- Required action -
Reproduce the full listing as it stands. Images do not belong in the copy.

━━ Data extract ━━

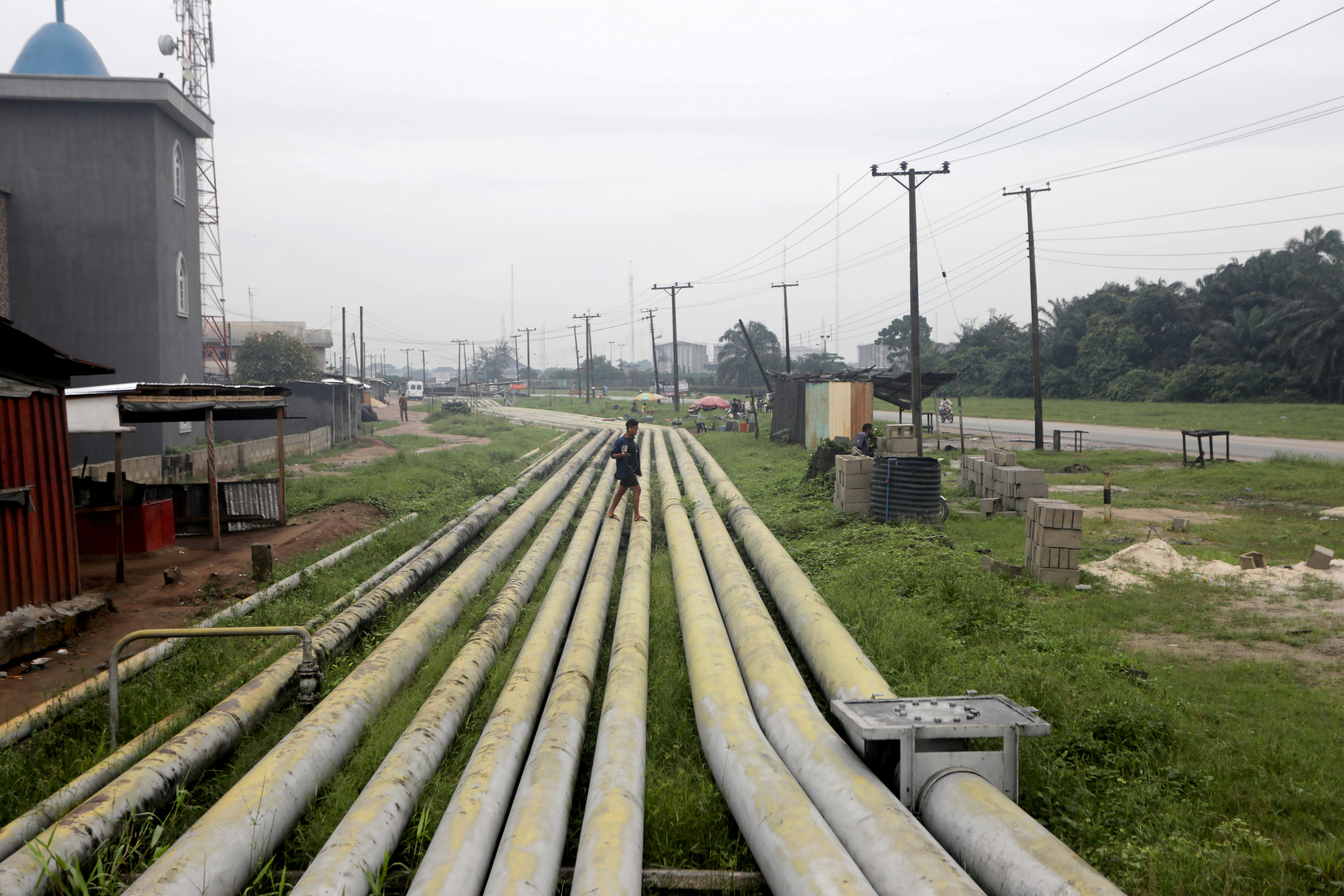 FILE PHOTO: A woman walks over pipelines crisscrossing Ogoniland in Rivers State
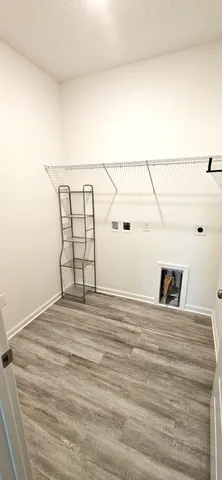 a view of a room with racks on the wall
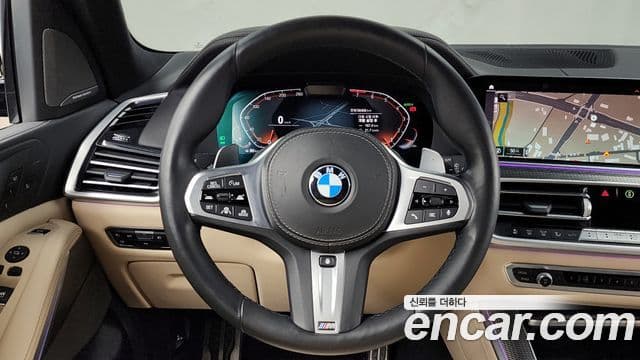 BMW X5 2021 — ფოტო 13/20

━━━

- Worked solution -
 FILE PHOTO: A woman walks over pipelines crisscrossing Ogoniland in Rivers State
 a view of a room with racks on the wall
 BMW X5 2021 — ფოტო 13/20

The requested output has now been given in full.